I see no obvious reason for $\sim$ to be transitive. I suspect it is not, but I couldn't come up with a counterexample.

Some observations:

• As 5pm points out below, if $A$ is unital and $x,y \in A$ are invertible, then $x \sim y$ if and only if $y = uxu^*$ for some unitary $u$. It follows that the restriction of $\sim$ to the invertible elements of $A$ is an equivalence relation.
• It is an equivalence relation in the case $A=B(H)$ for some Hilbert space $H$. Indeed, if $x = a^* a$ and $y = aa^*$ then, polar decomposing $a$ as $u \sqrt{a^*a}$, we get that $y = u x u^*$ for a partial isometry $u$ with initial space $\overline{\mathrm{ran}(x)}$ and final space $\overline{\mathrm{ran}(y)}$. Since the composition of partial isometries with compatible supporting subspaces is another partial isometry, we get the transitivity.

Some more observations:

• If it occurs that, $$ \text{for every $a \in A$, there exists $b \in A$ such that $aa^* = b^*(a^*a)b$,}$$ then $\sim$ is clearly transitive. The latter occurs, for example, when every element $a \in A$ has a "weak polar decomposition" $a = b \sqrt{a^*a}$ for any $b \in B$. In particular, existence of polar decompositions suffices to prove $\sim$ is transitive.
• We can still have $\sim$ transitive if the above condition fails. For example, if $f \in C_0(\mathbb{R})$ is nonvanishing, then there is no $g \in C_0(\mathbb{R})$ with $fg = f$. Obviously $\sim$ is transitive in commutative C*-algebras.

Answer 1

I think I figured it out! The answer seems to be that transitivity holds. I would appreciate any feedback on my proof. Let $A$ be an arbitrary C*-algebra. Given positive elements $x,y \in A$ and $a \in A$, I will write $x \sim^a y$ to mean that $x = a^*a$ and $y =aa^*$.

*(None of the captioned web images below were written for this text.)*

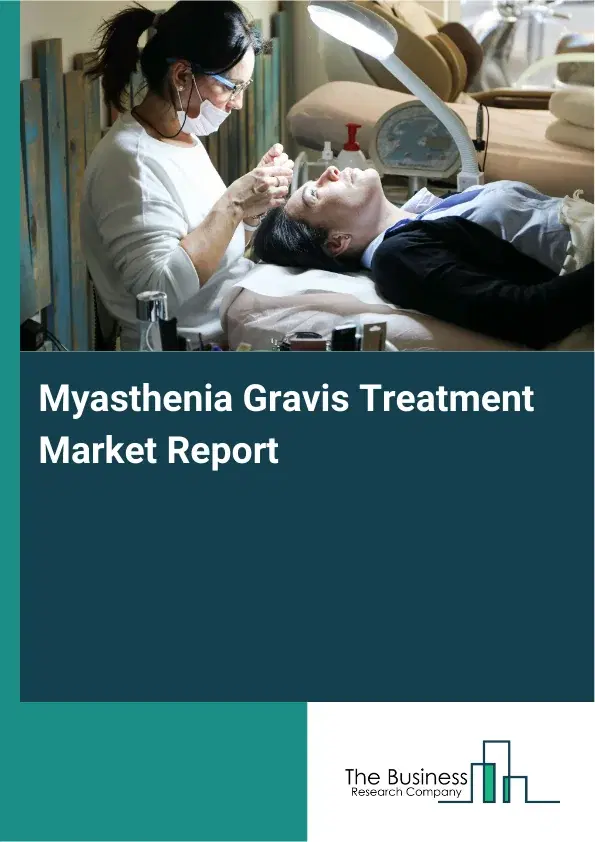 Global Myasthenia Gravis Treatment Market Report 2026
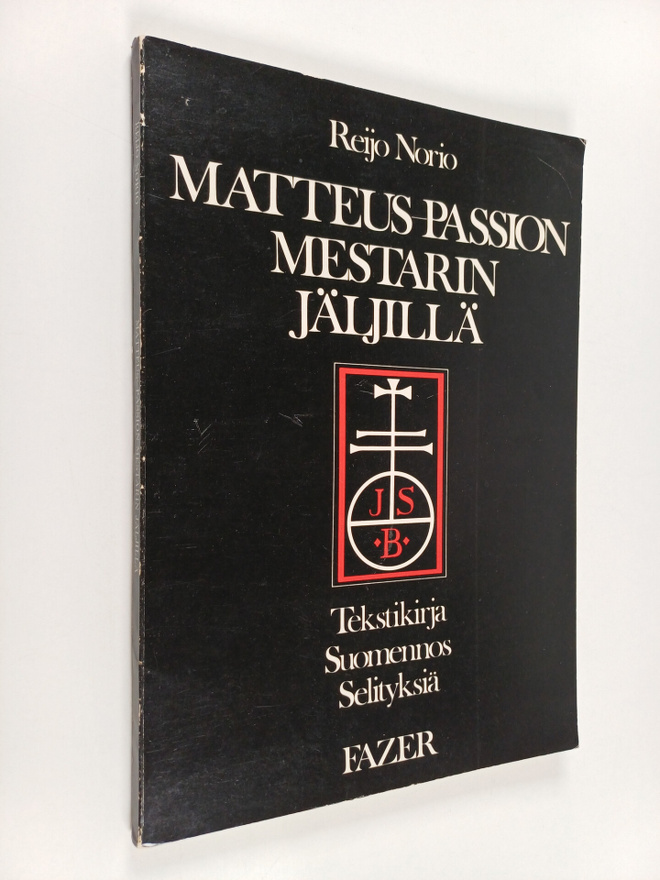 Reijo Norio : Matteus-passion mestarin jäljillä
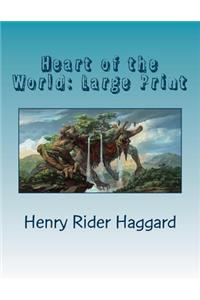 Heart of the World: Large Print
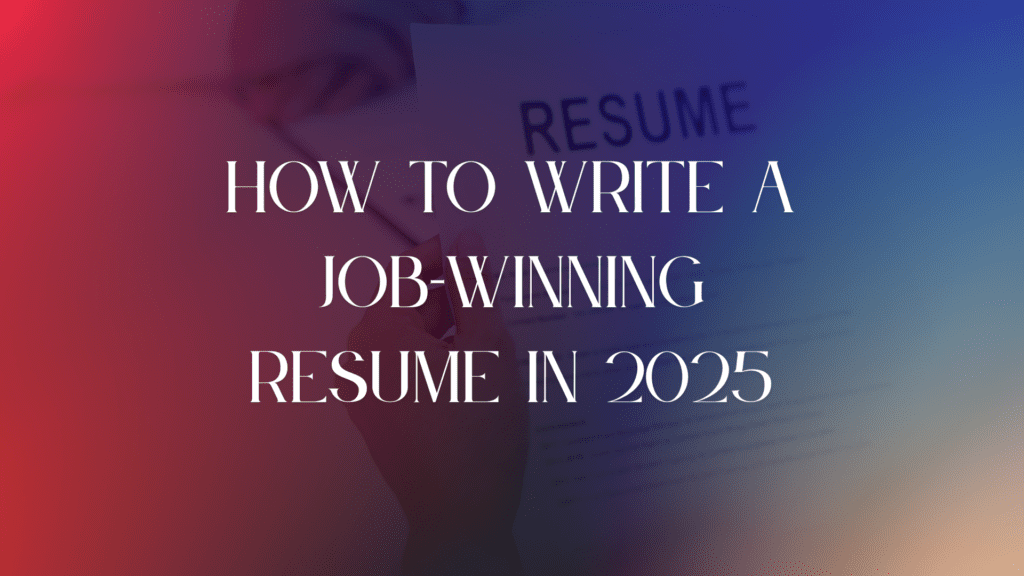 How to Write a Job-Winning Resume in 2025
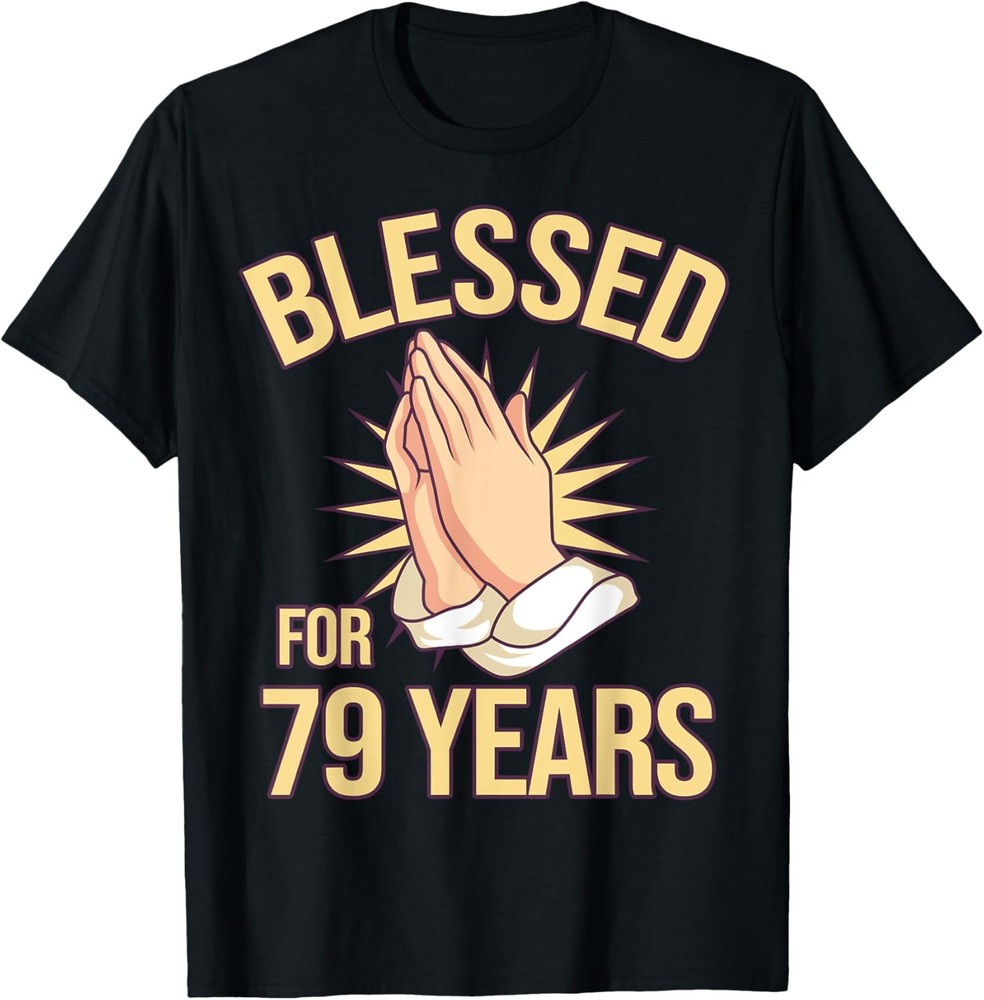 Blessed For 79 Years – 79th Birthday Christian T-Shirt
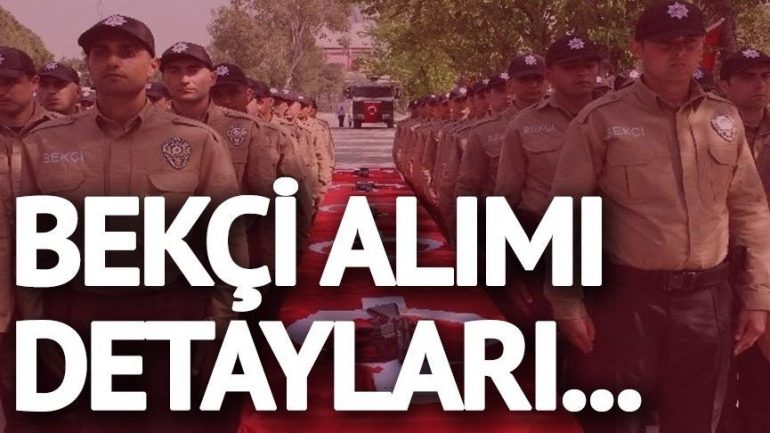 Bekçilik Alım Aşamaları Nelerdir? Bekçi Olmak İçin Hangi Aşamalardan Geçilir?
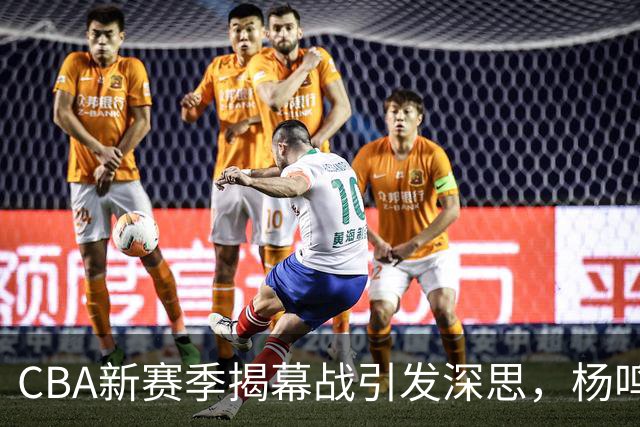 CBA新赛季揭幕战引发深思，杨鸣剖析中国篮球的根本问题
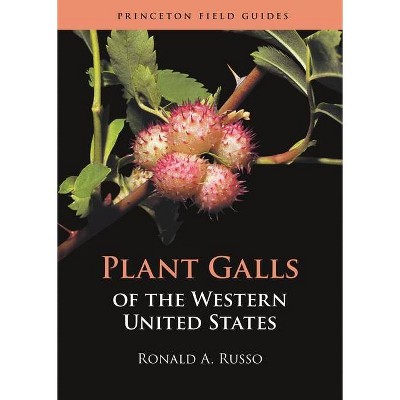 Plant Galls of the Western United States - (Princeton Field Guides) by  Ronald A Russo (Paperback)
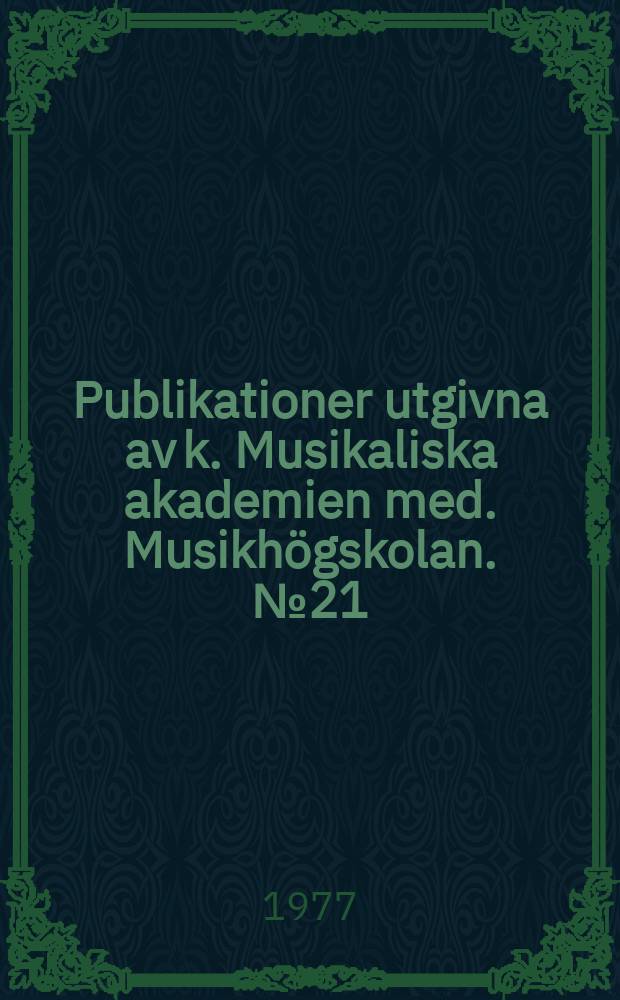 Publikationer utgivna av k. Musikaliska akademien med. Musikhögskolan. №21 : Bernard Crusell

Lemma. If $x \sim^a y$, then there is a factorization $a = a_1 x^{1/4}$ such that $x^{1/2} \sim^{a_1} y^{1/2}$.

Proof. Without loss of generality, $A \subset B(H)$ for some Hilbert space $H$. Perform polar decomposition in $B(H)$ to write $a= w x^{1/2}$ where $w$ is a uniquely determined partial isometry whose supporting projection $w^* w$ equals the closed range of $x^{1/2}$. Now it may be that $w \notin A$, but an easy polynomial approximation argument shows that $a_1 = wx^{1/4} \in A$. So we have the factorization $a = a_1 x^{1/4}$. Observe $a_1^* a_1 = x^{1/4} w^* w x^{1/4} = x^{1/4} x^{1/4} = x^{1/2}$. Meanwhile, $(a_1a_1^*)^2 = a_1 (a_1^* a_1)a_1^* = w x^{1/4} x^{1/2} x^{1/4} w^* = (w x^{1/2})(w x^{1/2})^* = aa^* = y$ so that $a_1 a_1^* = y^{1/2}$.

Now we can prove the main result.

Theorem. The relation $\sim$ is transitive.

Proof. Suppose positive elements $x,y,z$ have $x \sim^a y \sim^b z$ for $a,b \in A$. By the lemma, we have factorizations $a = a_1 x^{1/4}$ and $b = b_1 x^{1/4}$ such that $x^{1/2} \sim^{a_1} y^{1/2} \sim^{b_1} z$. We shall see that $x \sim^{b_1 a_1} z$. Indeed: $$ (b_1a_1)^*(b_1a_1) = a_1^* b_1^* b_1 a_1 = a_1^* y^{1/2} a_1 = a_1^* a_1 a_1^* a_1 = x^{1/2} x^{1/2} = x$$ $$ (b_1a_1)(b_1a_1)^* = b_1 a_1 a_1^* b_1^* = b_1 y^{1/2} b_1^*= (b_1 y^{1/4})(b_1 y^{1/4})^* = bb^* = z.$$